====== SUPPLIED ENTRIES ======
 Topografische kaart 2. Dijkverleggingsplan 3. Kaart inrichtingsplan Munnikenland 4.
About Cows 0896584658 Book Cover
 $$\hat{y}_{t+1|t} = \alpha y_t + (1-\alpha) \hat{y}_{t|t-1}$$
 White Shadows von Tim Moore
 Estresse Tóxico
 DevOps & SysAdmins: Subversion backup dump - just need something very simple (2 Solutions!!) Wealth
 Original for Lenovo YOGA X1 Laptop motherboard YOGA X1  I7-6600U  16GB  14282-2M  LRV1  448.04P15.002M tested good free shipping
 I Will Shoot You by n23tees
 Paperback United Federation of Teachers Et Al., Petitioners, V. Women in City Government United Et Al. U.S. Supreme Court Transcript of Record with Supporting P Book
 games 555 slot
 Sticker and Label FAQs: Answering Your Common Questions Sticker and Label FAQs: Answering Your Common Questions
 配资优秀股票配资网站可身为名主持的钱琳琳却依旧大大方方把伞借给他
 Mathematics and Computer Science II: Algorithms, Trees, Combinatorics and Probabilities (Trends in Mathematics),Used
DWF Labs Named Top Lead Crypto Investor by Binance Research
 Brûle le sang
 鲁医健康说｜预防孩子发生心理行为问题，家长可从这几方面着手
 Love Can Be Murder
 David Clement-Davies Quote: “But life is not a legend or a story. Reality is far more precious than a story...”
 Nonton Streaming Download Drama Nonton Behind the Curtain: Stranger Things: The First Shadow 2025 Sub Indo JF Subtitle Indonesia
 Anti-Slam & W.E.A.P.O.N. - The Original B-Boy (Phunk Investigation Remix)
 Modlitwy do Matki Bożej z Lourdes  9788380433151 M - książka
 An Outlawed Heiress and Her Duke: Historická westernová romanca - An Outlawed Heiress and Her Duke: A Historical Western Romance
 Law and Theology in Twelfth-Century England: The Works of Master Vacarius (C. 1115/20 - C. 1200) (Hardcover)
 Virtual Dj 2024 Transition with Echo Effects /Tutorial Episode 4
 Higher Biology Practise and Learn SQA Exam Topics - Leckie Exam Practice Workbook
======
PROBLEM DETAILS
Where the line containing "Law and Theology" appears in the records above, begin there and print every line through the last, exactly and with nothing else.

SOLUTION TO THE PROBLEM
 Law and Theology in Twelfth-Century England: The Works of Master Vacarius (C. 1115/20 - C. 1200) (Hardcover)
 Virtual Dj 2024 Transition with Echo Effects /Tutorial Episode 4
 Higher Biology Practise and Learn SQA Exam Topics - Leckie Exam Practice Workbook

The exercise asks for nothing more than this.